We live in both Newton’s and Einstein's world. In Newton's world, the apple falls from the tree, because it is attracted to the earth. The same law of gravity explains the motion of the planets. In Einstein's world, the geometry (curvature) of four-dimensional space-time replaces the concept of gravitational force. For Newton, all information is transmitted instantaneously; that is, at infinite speed. For Einstein the limiting factor is the speed of light or “c,” which introduces a speed limit of just about 300,000 km/s. For Newton space is flat; space and time are independent concepts. For Einstein space and time are curved and interwoven to form four-dimensional space-time. The formal aspects of each theory are very different.
Newton's description is perfectly adequate for many calculations. Einstein's general theory of relativity gains relevance when examining systems with large masses, velocities and energies, e.g. phenomena in the universe, such as black holes, neutron stars, or star explosions. In everyday life we need to take the consequences of relativity theory into account when working with a GPS (Global Positioning System). These matters are therefore made relevant to the everyday life of visitors to the Science Summer, giving insight into current mathematical research that examines the effects and intersection points of both theories.
Newton's theory is regarded as a limiting case of Einstein's general theory of relativity. However, it is not yet possible to predict in which area Newton's theory actually represents a good approximation for the systems under investigation. In her scientific work, Carla Cederbaum examines the so-called Newtonian limes, i.e. the boundary region, in which the Newtonian approximation for the first time provides a drastically different prediction than Einstein's own theory (non-linear deviation). It is therefore important to understand both conceptually and quantitatively exactly how the transition from Newton's theory of gravitation to the general theory of relativity proceeds.

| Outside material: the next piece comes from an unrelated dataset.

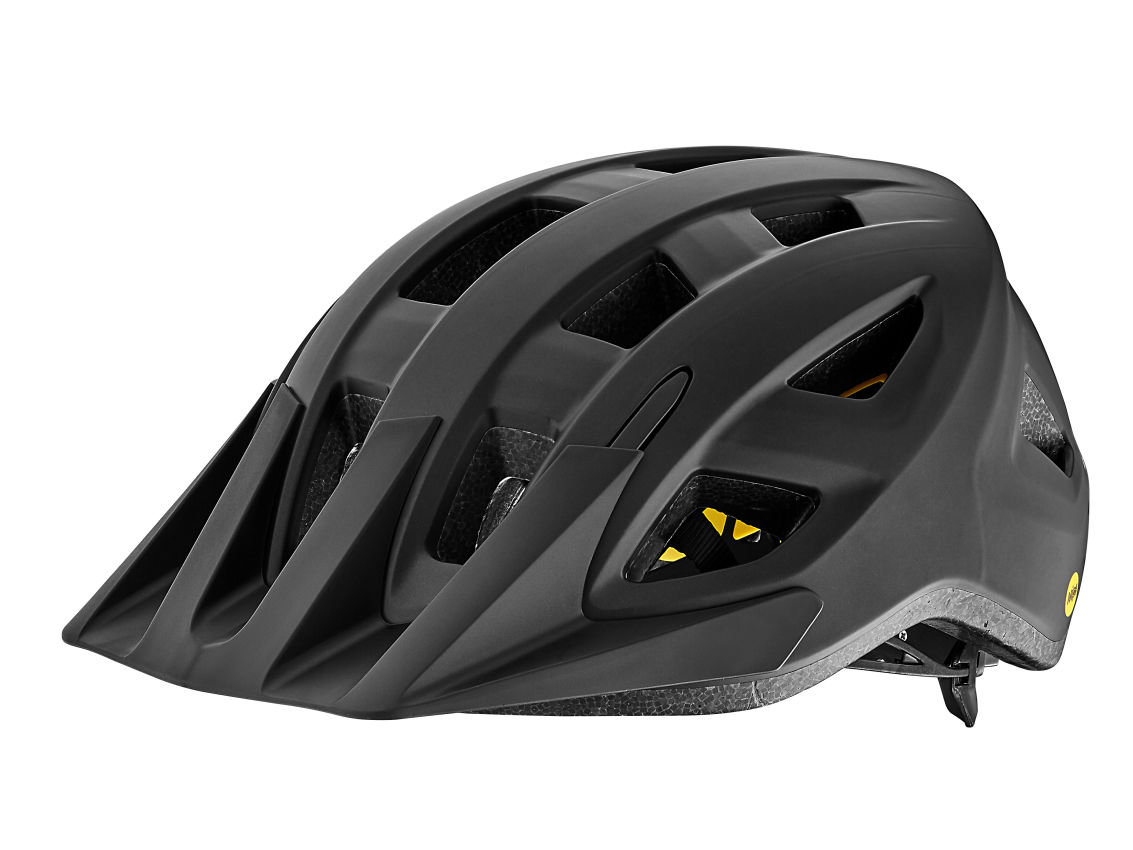 Giant Matte Black mountain Path helmet with ventilation holes and Mips protection.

The investigation of the Newtonian limes was already initiated in the 1920s by Albert Einstein. Nevertheless, the limes is not fully understood, either conceptually or in terms of their consequences. A better understanding of it would increase both the potential of numerical simulations of gravitational phenomena, as well as a methodologically sound prediction of astronomically measurable deviations from Newton's theory. Moreover, a deeper understanding of the Newtonian limes is necessary to demonstrate the internal consistency of modern gravitational physics.